Pope Francis addresses pilgrims gathered in St. Peter’s Square at the Vatican after the recitation of the Regina Caeli prayer on April 14, 2024. / Credit: Vatican Media
Rome Newsroom, Apr 14, 2024 / 10:56 am (CNA).
Pope Francis expressed his concern over escalating tensions in the Middle East following Iran’s missile attack Saturday against Israel, a concern he raised after imploring Christians to share their stories of encountering Christ, which he said would create a richer and more beautiful environment for all.
“I follow in prayer and with concern, even pain, the news that has arrived in the last few hours on the worsening of the situation in Israel due to the intervention by Iran,” the pope said to all those gathered before him in St. Peter’s Square on April 14.
“I make a heartfelt appeal to stop any action that could fuel a spiral of violence with the risk of dragging the Middle East into an even greater conflict of war. No one should threaten the existence of others,” he added.
On Saturday evening Iran launched over 300 drones and missiles on military targets in Israel in retaliation for an Israeli attack on the Iranian Embassy in Syria’s capital Damascus on April 1, which killed seven.
Pope Francis also renewed his exhortation for peace as the Israel-Hamas war continues unabated, calling for “the Israelis and Palestinians to live in two states, side by side, in security, it is their deep and legitimate desire, and it is their right.”
Before the recitation of the Regina Caeli, the pope also exhorted Christians to share their personal encounters with Christ, noting that it is “the most beautiful thing we have to tell.”
The pope made this reflection against the backdrop of today’s reading from the Gospel of Luke, where two disciples, returning from Emmaus, meet with the apostles in the upper room and recount their encounter with Christ.
“Jesus arrives precisely while they are sharing the story of the encounter with him,” a message, the pope observed, that for us today underscores “the importance of sharing the faith.”
Pilgrims gathered in St. Peter’s Square at the Vatican hold banners during the recitation of the Regina Caeli prayer and address by Pope Francis on April 14, 2024. Credit: Vatican Media
The pope observed that today, this message is often drowned out by the frenzy of messages, which are often “superficial” and “useless,” and which often reveal “an indiscreet curiosity or, worse still, arise from gossip and malice.”
“They are news that have no purpose, on the contrary, they do harm,” the pope continued.
Amid the deluge of counterproductive messages, Pope Francis called on Christians to share their personal testimonies of encountering Christ, “not by being a lecturer to others, but by sharing the unique moments in which we perceived the Lord alive and close.”
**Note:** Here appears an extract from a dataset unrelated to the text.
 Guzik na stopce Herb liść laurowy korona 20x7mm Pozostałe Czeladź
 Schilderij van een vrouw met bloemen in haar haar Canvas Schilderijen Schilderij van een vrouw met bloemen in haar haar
While acknowledging that it can often be a “struggle” to discuss these encounters with family, friends, and the broader community, the pope advocated persistence in doing so as it will make our personal “encounters” and social environments “even more beautiful.”
In closing his address, the pope called upon all Christians to conduct a series of interior examinations, asking ourselves: “Have I ever spoken about it with someone? Have I ever simply made a gift of it to family members, colleagues, loved ones, and those I associate with? And finally: Am I, in turn, interested in listening to what others have to tell me about their encounter with Christ?”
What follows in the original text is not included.